=== Your goal ===
First find the line with "New Gymboree Boys", then reproduce it and all following lines of the data to the end, exactly and with no pictures, adding nothing.

=== Brief descriptive captions ===
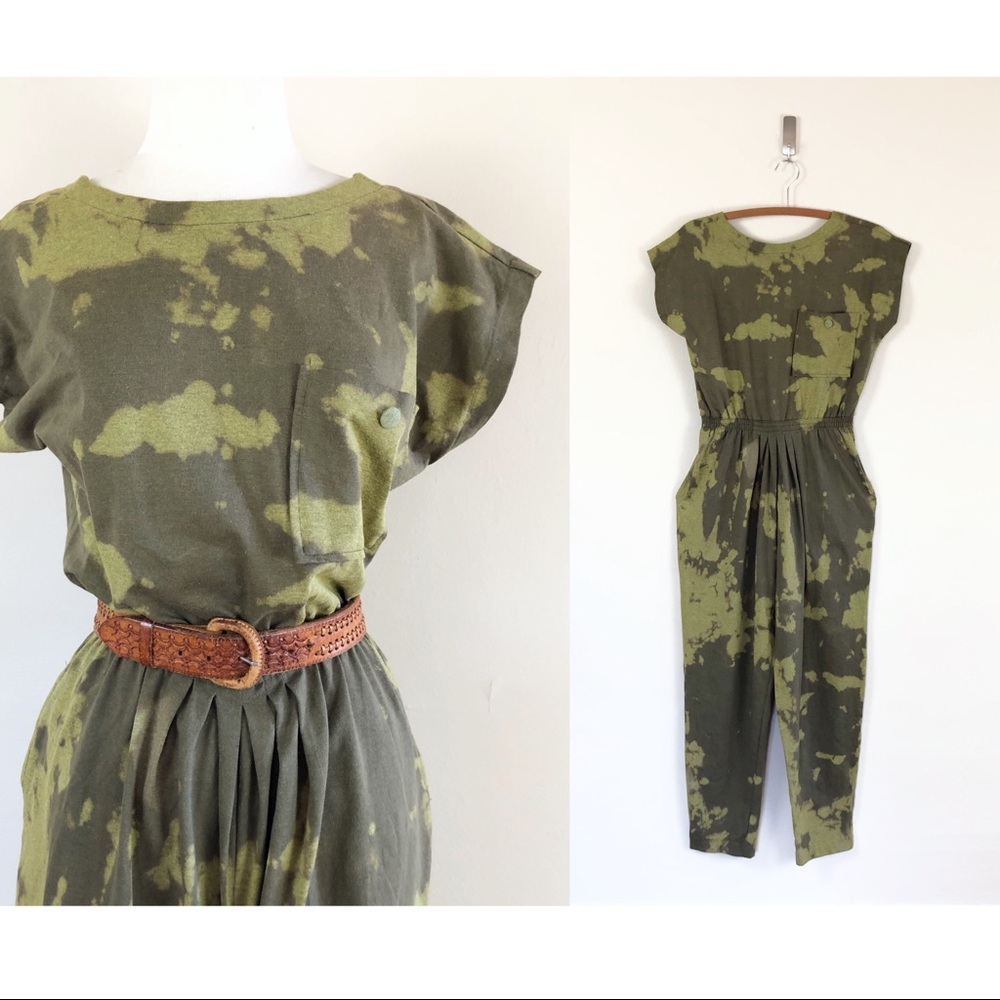 vintage army green tie dye jumpsuit coverall romper 80s 90s grunge boho hippie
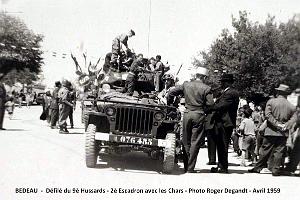 Bedeau - 9e Hussards - Defile avec les Chars - 1959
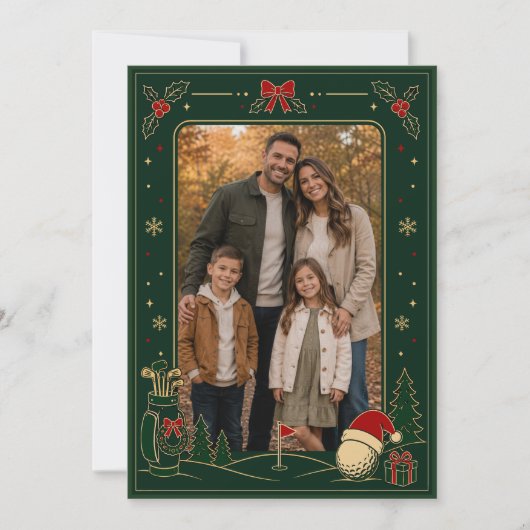 Golf Kerst Familie Foto Kaart Frame (Voorkant)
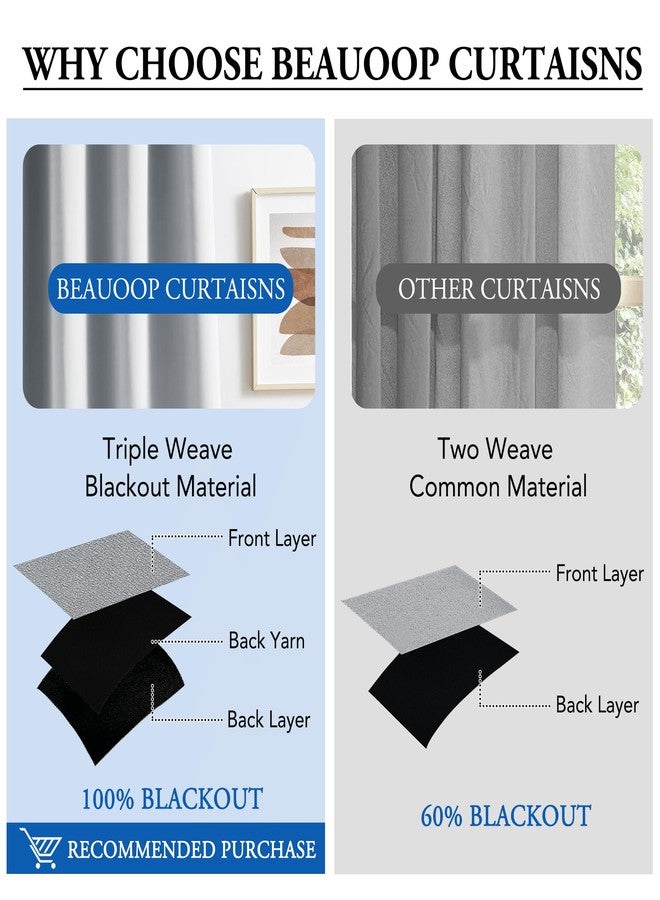 Beauoop Grey 100% Blackout Curtains 84 Inch Long 2 Panels for Bedroom Living Room Solid Room Darkening Thermal Insulated Soundproof Energy Saving Grommet Top Window Treatment Drapes,52x84 2 Set - Image 4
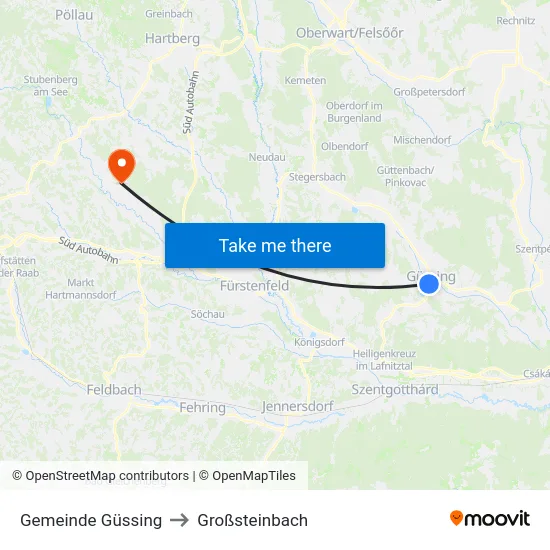 Gemeinde Güssing to Großsteinbach map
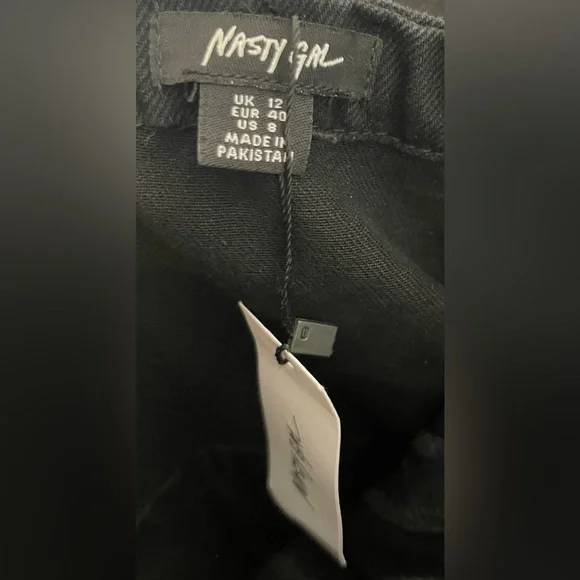 Nasty Gal Black Denim Jumper Wide Leg Women’s SZ 8 | Strapless Snatched Suit NWT - Picture 4 of 7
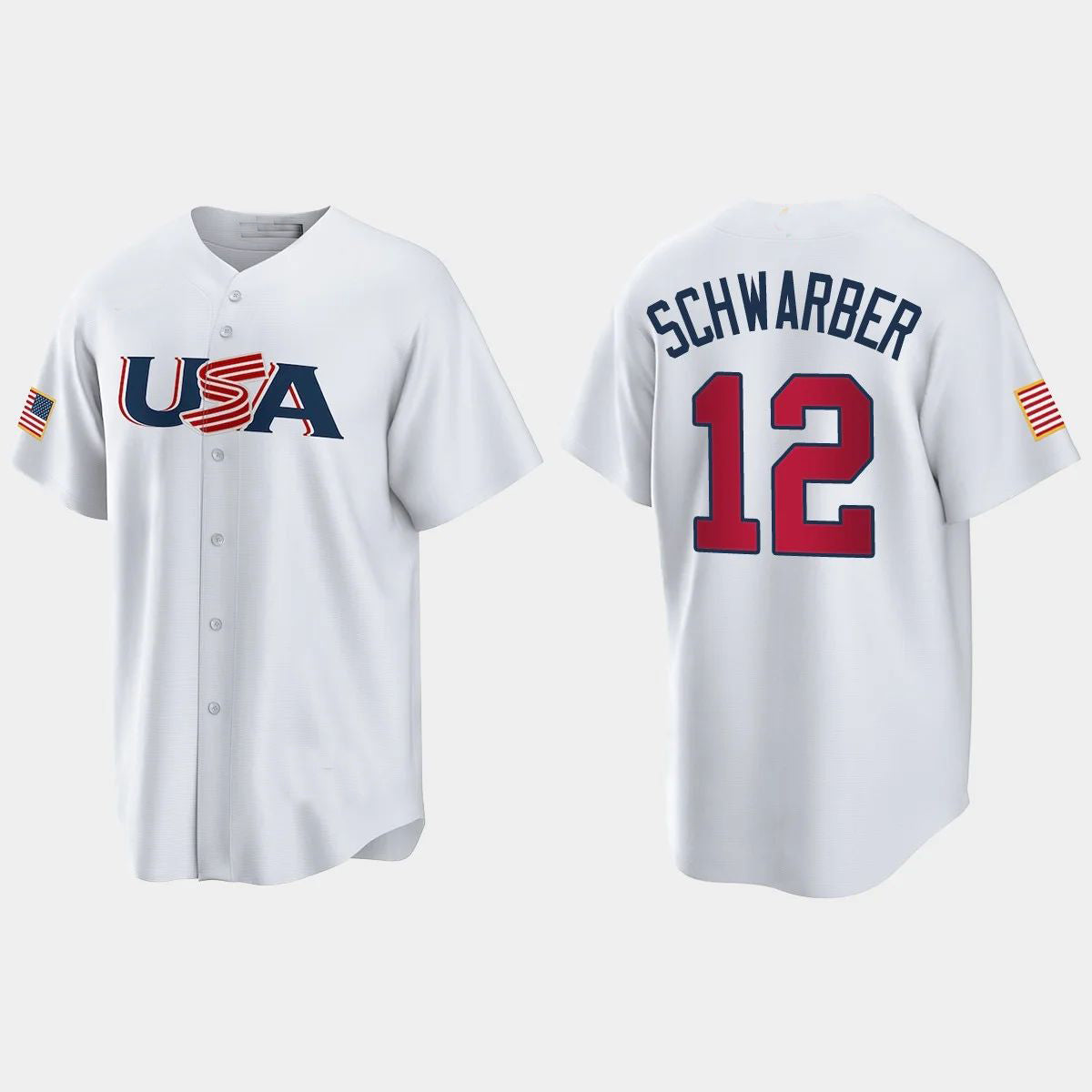 #12 KYLE SCHWARBER PHILADELPHIA PHILLIES 2023 WORLD BASEBALL CLASSIC USA REPLICA JERSEY ¨C WHITE Stitches Baseball Jerseys - Main View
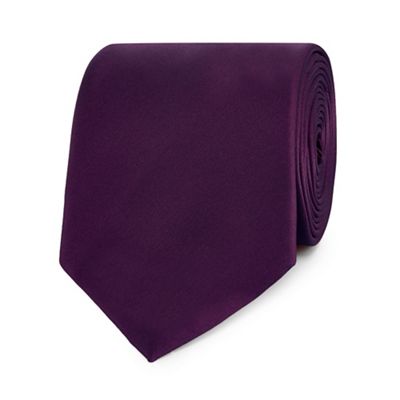 The Collection - Purple plain slim tie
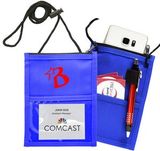 Custom Royal Blue Classic Event Pouch w/ Top zipper and Adjustable Cord, 6.75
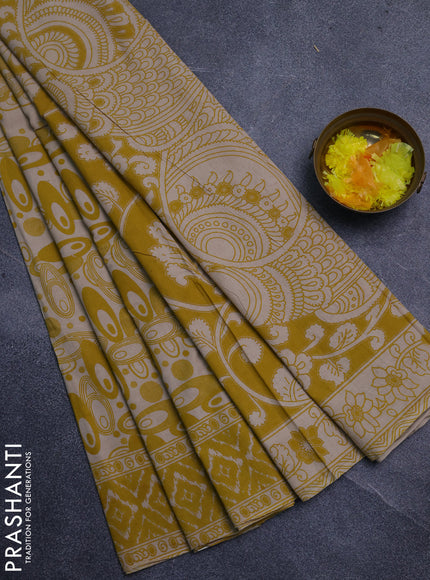 Kalamkari cotton saree yellow and beige with allover geomatric prints and printed border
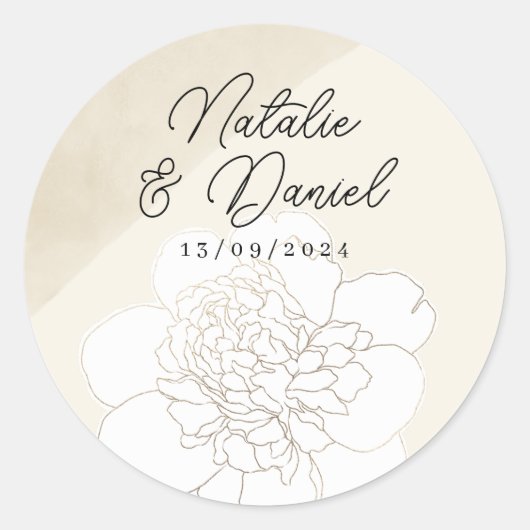 白い牡丹結婚の花 ラウンドシール (正面)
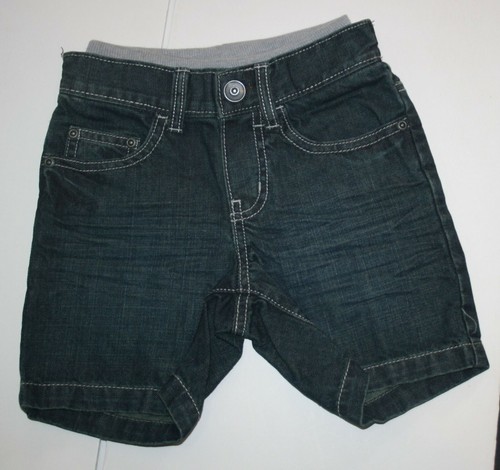 New Gymboree Boys 4 year Dark Wash Double Waist Denim Jeans Cargo Pull on Shorts - Picture 2 of 3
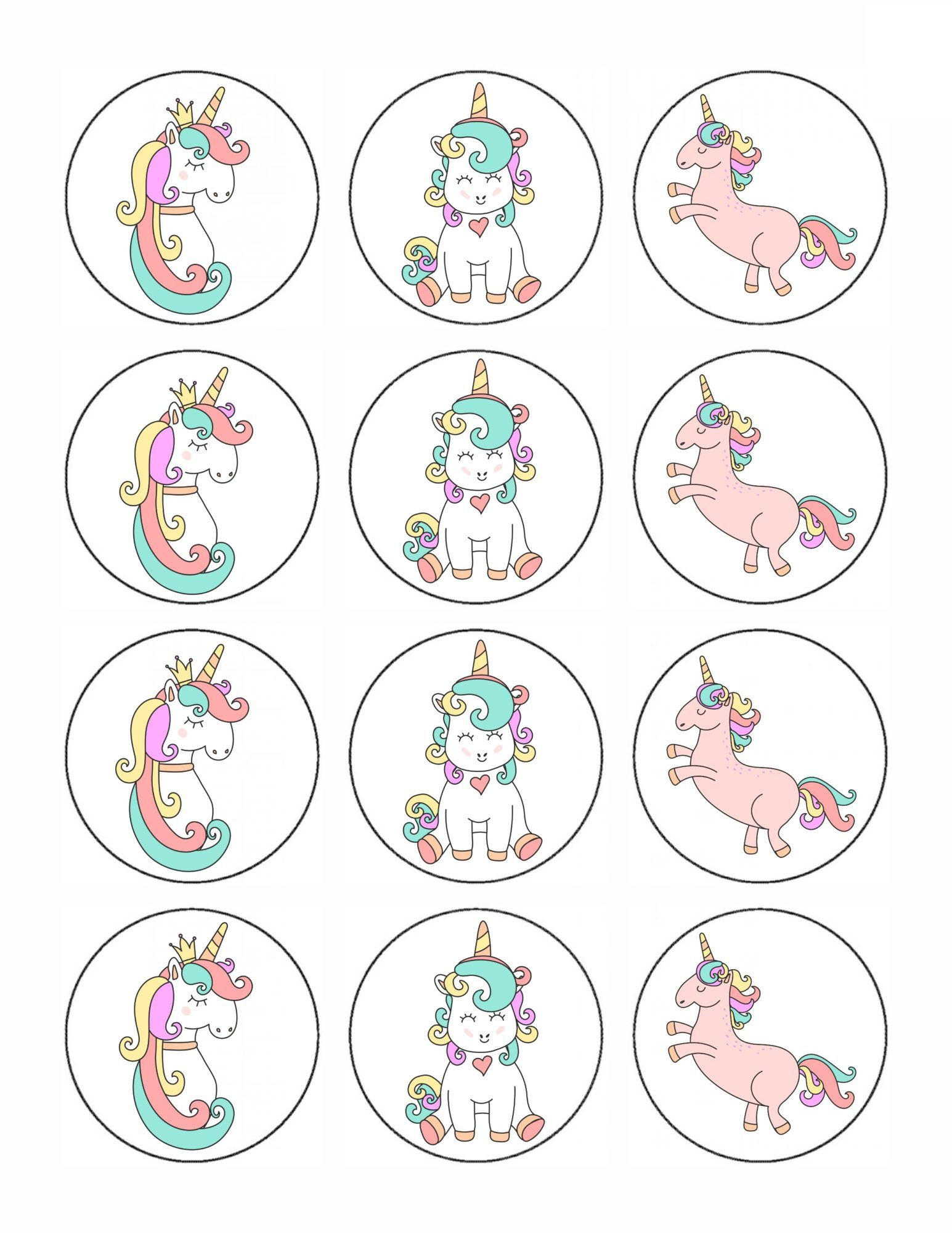 Free Printable Unicorn Cake Topper with regard to Free Printable Unicorn Cupcake Toppers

=== Your solution ===
 New Gymboree Boys 4 year Dark Wash Double Waist Denim Jeans Cargo Pull on Shorts - Picture 2 of 3
 Free Printable Unicorn Cake Topper with regard to Free Printable Unicorn Cupcake Toppers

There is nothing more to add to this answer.